Contenido de la edición 04.11.2021

 

Mujer de mil batallas en medio de trincheras, derrotas y vergüenzas. El ejército prusiano ha invadido Francia. Es 1870. Curiosamente, setenta años después Francia volvería a ser invadida por el mismo ejército prusiano ahora como parte del Ejército del Imperio Alemán. Pero a nosotros nos interesa ese año que ahora nos parece tan lejano, 1870: "Los últimos soldados franceses acababan, en fin, de cruzar el Sena para llegar a Pont-Audemer por Saint-Sever y Bourg-Achard; y caminando a la zaga, el general desesperado, que no podía intentar nada con esos pingajos informes, desesperado él también ante la gran catástrofe de un pueblo acostumbrado a vencer y desastrosamente vencido a pesar de su valor legendario, se iba a pie entre dos "oficiales de orden". En este mundo de "pingajos informes", cuyo símbolo de la desastrosa derrota de un ejército es ese general que desesperado camina a la zaga "entre dos oficiales de orden", se yergue la figura de Bola de Sebo.

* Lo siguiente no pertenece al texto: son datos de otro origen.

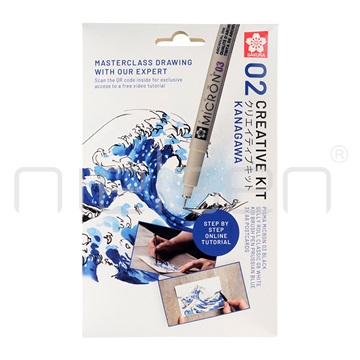 set Sakura Creative Kit - Great Wave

Pero todo ejército vencido significa la invasión del vencedor y la ciudad de Rouen, donde comienza esta historia, no sería la excepción: "La vida parecía detenida; las tiendas estaban cerradas; la calle, silenciosa. A veces un habitante, intimidado por ese silencio, se deslizaba rápidamente a lo largo de las paredes. La angustia de la espera hacía desear la llegada del enemigo [...]. Justo en el mismo momento las avanzadas de tres cuerpos se unieron en la plaza de la municipalidad, y por todas las calles cercanas llegaba el ejército alemán, desparramando sus batallones, que hacían sonar el empedrado bajo su paso rítmico y duro". El marco de la acción está preparado y los personajes de la historia comenzarán a vivir sus vidas con el yugo opresor sobre ellos.

Pero más allá de vencidos y vencedores, a Maupassant le interesa como escritor observador de la realidad, mostrar el alma de los franceses en ese mundo perdido, donde la vida pende de un hilo que cualquier espada enemiga puede cortar.

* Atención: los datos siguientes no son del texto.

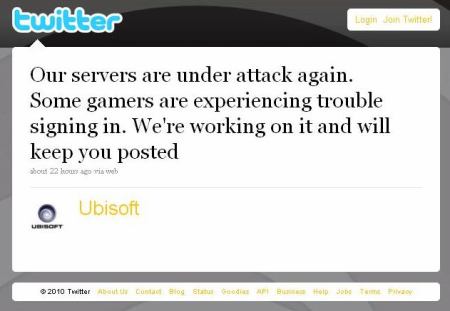 Ubisoft Twitter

Después de la tormenta suele llegar la paz, aunque sea aparente, en la que los vencidos deben acostumbrarse a convivir con los vencedores ya dueños de sus hogares como de sus vidas, pero había que disimular esta convivencia, pues "decíase que era muy lícito ser cortés dentro de la casa con el soldado extranjero, con tal de no familiarizarse con él en público". Cada casa de Rouen ha sido tomada por un pelotón que la ha hecho suya, aunque después de un tiempo la realidad se llena de una armónica pero superficial convivencia entre franceses y alemanes. "No obstante, había algo en el aire, algo sutil y desconocido, una intolerable atmósfera extraña, como un olor desparramado, el olor de la invasión. Llenaba las viviendas y las plazas públicas, cambiaba el gusto de los alimentos, daba la impresión de estar de viaje, muy lejos, entre tribus bárbaras y peligrosas". Con todo, era necesario vivir. Que la ciudad tomase aires de normalidad. Que la normalidad oliese a dinero y negocios. Entonces, algunos importantes ciudadanos que tenían intereses en El Havre, puerto ocupado aún por los franceses, intercedieron con los oficiales prusianos para viajar por tierra hasta Dieppe en donde se embarcarían: "Emplearon la influencia de los oficiales alemanes con los cuales se habían relacionado y obtuvieron del general en jefe la autorización para partir". La historia de Bola de Sebo comienza un día martes de madrugada con otros nueve personajes que viajan en un coche tirado por seis caballos.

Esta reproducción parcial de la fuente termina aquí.